MongoDB questions still come up frequently giving a reason beyond the
JSON files questions to think that the JSON data model is still very
important. Wherever we decide to bound the current EVF v2 data model
implementation, maybe we can sketch out a design of whatever is
unimplemented in some updates to the Drill wiki pages? This would give
other devs a head start if we decide that some unsupported complex data
type is worth implementing down the road?
1. https://infra-reports.apache.org/#downloads&project=drill
2. https://martinfowler.com/articles/data-mesh-principles.html
Regards
James
On 2024/01/01 03:16, Charles Givre wrote:
I'll throw my .02 here... As a user of Drill, I've only had the occasion to
use the Union once. However, when I used it, it consumed so much memory, we
ended up finding a workaround anyway and stopped using it. Honestly, since we
improved the implicit casting rules, I think Drill is a lot smarter about how
it reads data anyway.

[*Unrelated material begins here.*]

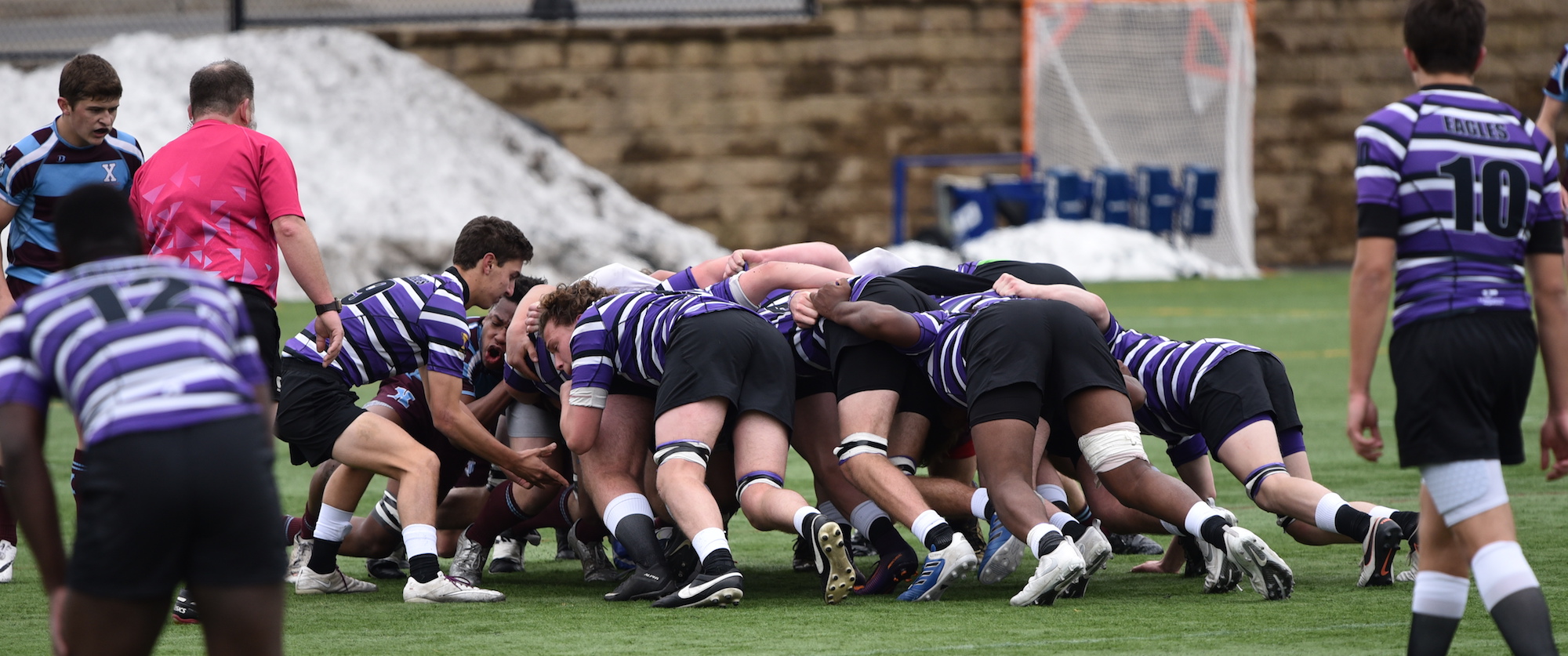 Xavier v Gonzaga HS rugby April 1 2017. Adam Smith photos.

Bottom line, I do think we could drop the union and
repeated union.
The repeated lists and maps however are unfortunately something that does come
up a bit. Honestly, I'm not sure what work is remaining here but TBH Drill
works pretty well at the moment with most of the data I'm using it for. This
would include some really nasty nested JSON objects.
-- C
On Dec 31, 2023, at 01:38, Paul Rogers <par0...@gmail.com> wrote:
Hi Luoc,
Thanks for reminding me about the EVF V2 work. I got mostly done adding
projection for complex types, then got busy on other projects. I've yet to
tackle the hard cases: unions, repeated unions and repeated lists (which
are, in fact, repeated repeated unions).
The code to handle unprojected fields in these areas is getting awfully
complicated. In doing that work, and then seeing a trick that Druid uses,
I'm tempted to rework the projection bits of the code to use a cleaner
approach. However, it might be better to commit the work done thus far so
folks can use it before I wander off to take another approach.
Then, I wondered if anyone actually still uses this stuff. Do you still
need the code to handle non-projection of complex types?
Of course, perhaps no one will ever need the hard cases: I've never been
convinced that unions, repeated lists, or arrays of repeated lists are
things that any sane data engineer will want to use -- or use more than
once.
Thanks,
- Paul
On Sat, Dec 30, 2023 at 10:26 PM James Turton <dz...@apache.org> wrote:
Hi Luoc and Drill devs!
It's best to email Paul directly since he doesn't follow these lists
closely. In the meantime I've prepared a PR of backported fixes for
1.21.2 to the 1.21 branch [1]. I think we can try to get the Netty
upgrade that Maksym is working on, and which looks close to done,
included? There's at least one CVE applicable to our current version of
Netty...
Regards
James
1. https://github.com/apache/drill/pull/2860
On 2023/12/11 04:41, luoc wrote:
Hello all,
1.22 will be a more stable version. This is a digression: Is Paul
still interested in participating in the EVF V2 refactoring in the
framework? I would like to offer time to assist him.
luoc
2023年12月9日 01:01,Charles Givre <cgi...@gmail.com> 写道:
Hello all,
Happy Friday everyone! I wanted to raise the topic of getting a Drill
minor release out the door before the end of the year. My opinion is that
I'd really like to release Drill 1.22 once the integration with Apache
Daffodil is complete, but it sounds like that is still a few weeks away.
What does everyone think about issuing a maintenance release before the
end of the year? There are a number of singificant fixes including some
security updates and a major bug in the ES plugin that basically makes it
unusable.
Best,
-- C